Pakar: Masa Depan Nikel Indonesia Aman Meski Digempur Baterai LFP

ANTARA FOTO/Syaiful Arif/tom.
Pemilik mobil listrik melakukan pengisian daya di Stasiun Pengisian Kendaraan Listrik Ultra Fast Charging (SPKLU) di rest area teras melati ruas tol Jombang-Mojokerto (Jomo) KM 695A Kedungmlati, Kabupaten Jombang, Jawa Timur, Jumat (22/12/2023).
Penulis: Mela Syaharani
5/2/2024, 17.55 WIB

Perhimpunan Ahli Pertambangan Indonesia (Perhapi) mengatakan masa depan kendaraan listrik akan memperlihatkan bagaimana porsi penggunaan baterai listrik berbasis lithium ferro-phosphate (LFP) ataupun nickel manganese cobalt (NMC).

Ketua Bidang Kajian Strategis Pertambangan Perhapi Muhammad Toha menyampaikan dengan adanya proyeksi ini, pemerintah perlu memperhatikan hasil riset terkait pengembangan baterai mobil listrik dalam beberapa tahun kedepan.

“Apakah nantinya lebih banyak kendaraan listrik menggunakan baterai LFP atau NMC. Tetapi apapun itu ketika kita bicara mengenai quo vadis masa depan nikel Indonesia, pada dasarnya nikel Indonesia akan baik-baik saja,” kata Toha dalam webinar LFP vs Baterai Nikel yang dipantau secara daring pada Senin (5/2).

Menurut Toha, entah nikel Indonesia akan dipakai atau tidak untuk baterai kendaraan hal tersebut tidak akan berpengaruh signifikan.

“Saya hanya akan tegaskan bahwa nikel tidak akan pernah tergantikan untuk industri-industri strategis dan vital. Nikel tidak akan tergantikan di stainless steel, renewable energy ataupun di beberapa aloy tertentu yang memang akan membutuhkan nikel,” ujarnya.

Toha menyebut, meskipun teknologi masa depan akan terus tumbuh dan berkembang namun tidak akan berpengaruh terhadap penyusutan penggunaan nikel.

“Hanya memang perlu memastikan bagaimana tata kelola nikel di Indonesia ini bisa dilakukan dengan baik. Tujuannya untuk menyeimbangkan supply dan demand itu yang paling penting sebenarnya,” ucapnya.
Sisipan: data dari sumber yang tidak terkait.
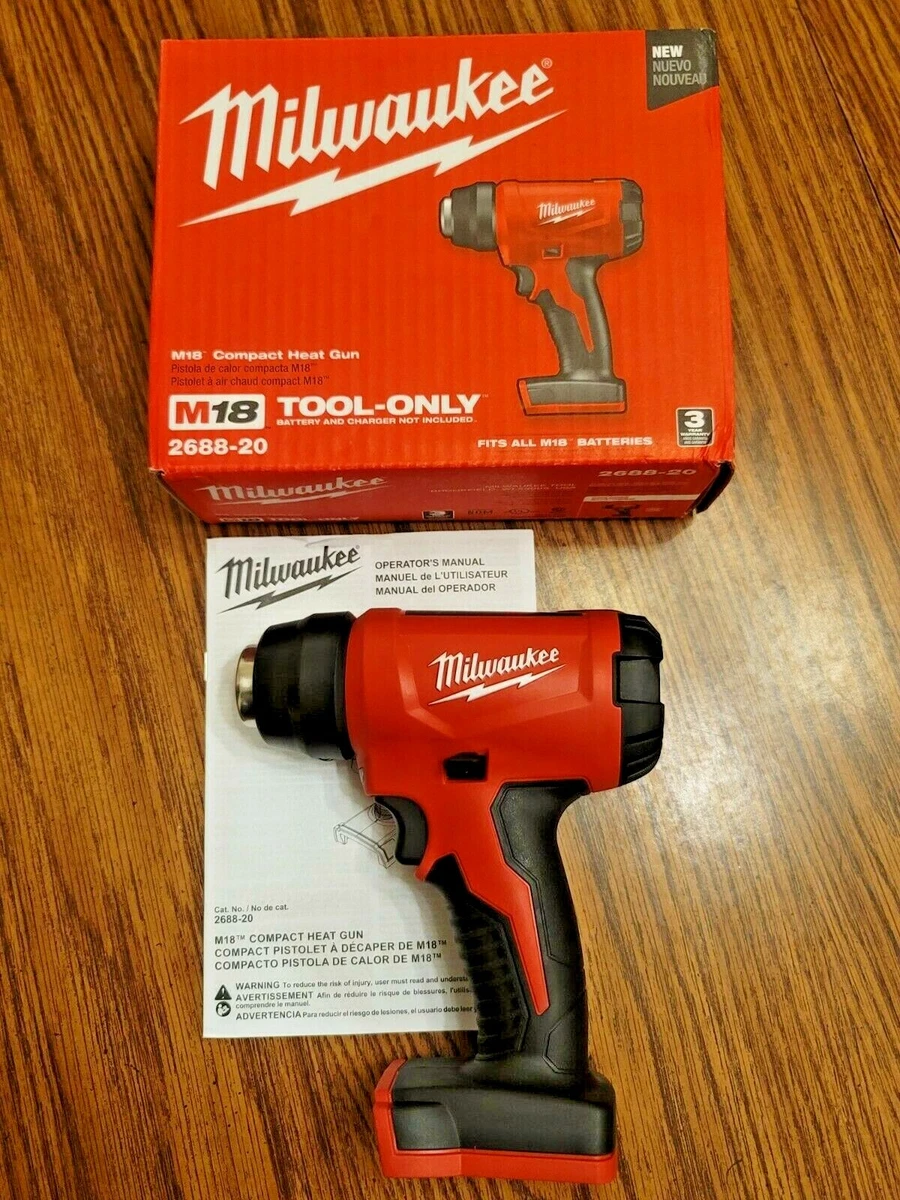 New Milwaukee M18 Cordless Compact Heat Gun Bare Tool #2688-20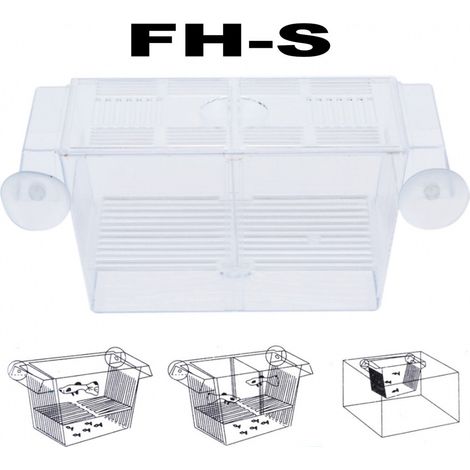 Trade Shop - Acuario Caja Para La Cría De Peces Separador Incubadora Protector De Huevos -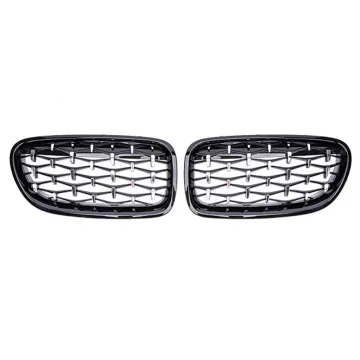 Glossy Black Chrome Diamond Grille for BMW 5 Series F10 (2010-2017)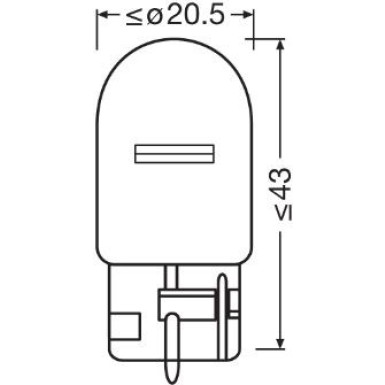 GLÜHLAMPE, PARK-/POSITIONSLEUCHTE | OSR7505SET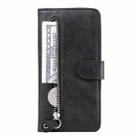 For OPPO Reno12 F 4G Fashion Calf Texture Zipper Leather Phone Case(Black) - 2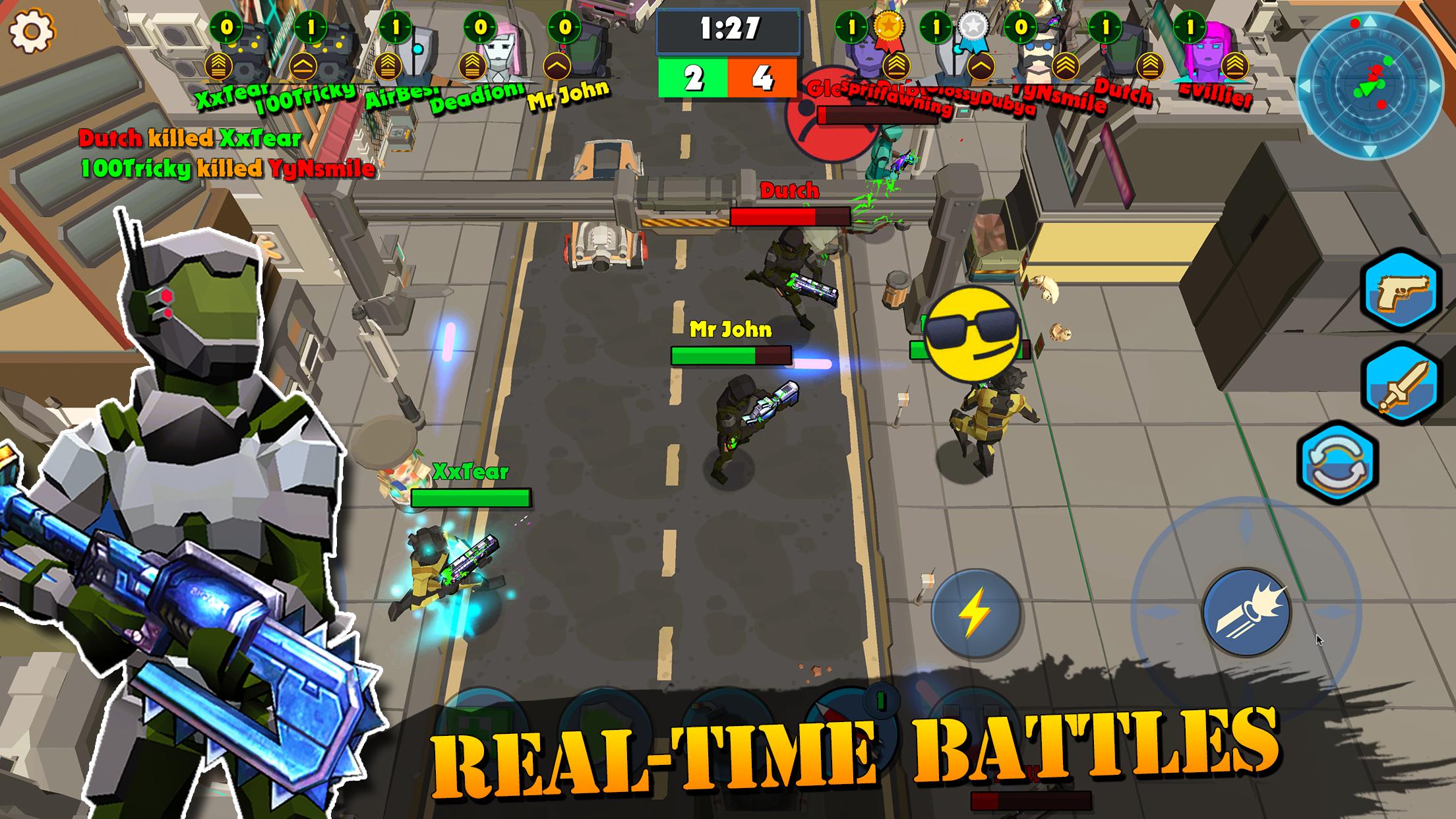 HEROES CLASH - PVP AND ZOMBIE 1.0.00 Screenshot 1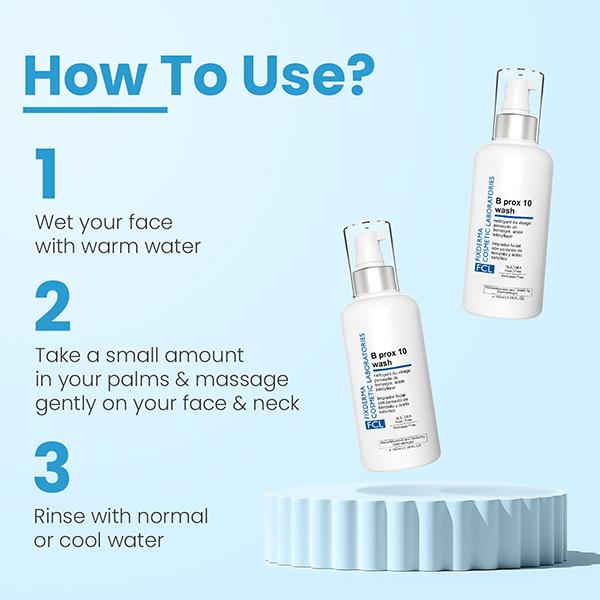 Fixderma Cosmetic Laboratories (FCL) B Prox 10 Face Wash 100 ml - Face Wash & Cleansers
Toha menjelaskan, Indonesia sebagai negara dengan cadangan nikel terbesar dan juga negara dengan produksi intermediate produk berbasis nikel terbesar itu punya kesempatan untuk mengontrol supply dan demand. Salah satu caranya adalah dengan mengendalikan produksi dan juga memastikan cadangan nikel terus bisa terjaga.

“Kalau itu bisa dilakukan maka apapun penggunaan nikel masa depan, apakah nikel itu akan tetap dipakai di baterai mobil listrik atau yang lain itu tidak akan berdampak signifikan terhadap nikel Indonesia,” kata dia.

Toha menyampaikan jika Indonesia bisa mengendalikan supply dan demand, maka juga bisa mengendalikan harga. “Sehingga harga nikel akan tetap bisa terpantau secara baik, sehingga kita sebagai negara dengan cadangan terbesar bisa menikmati keuntungan yang maksimal atas cadangan dan sumber daya yang kita miliki,” ucap Toha.

Dalam paparannya, Toha menyebut bahwa permintaan baterai li-ion diperkirakan akan tumbuh karena meningkatnya kebutuhan kendaraan listrik dan penyimpanan energi.

Baterai lithium ion merupakan komponen utama dalam kendaraan listrik dan ESS (energy storage system). Seiring meningkatnya permintaan kendaraan listrik dan ESS diperkirakan permintaan baterai li-ion akan mencapai lebih dari 700 Gwh pada 2027.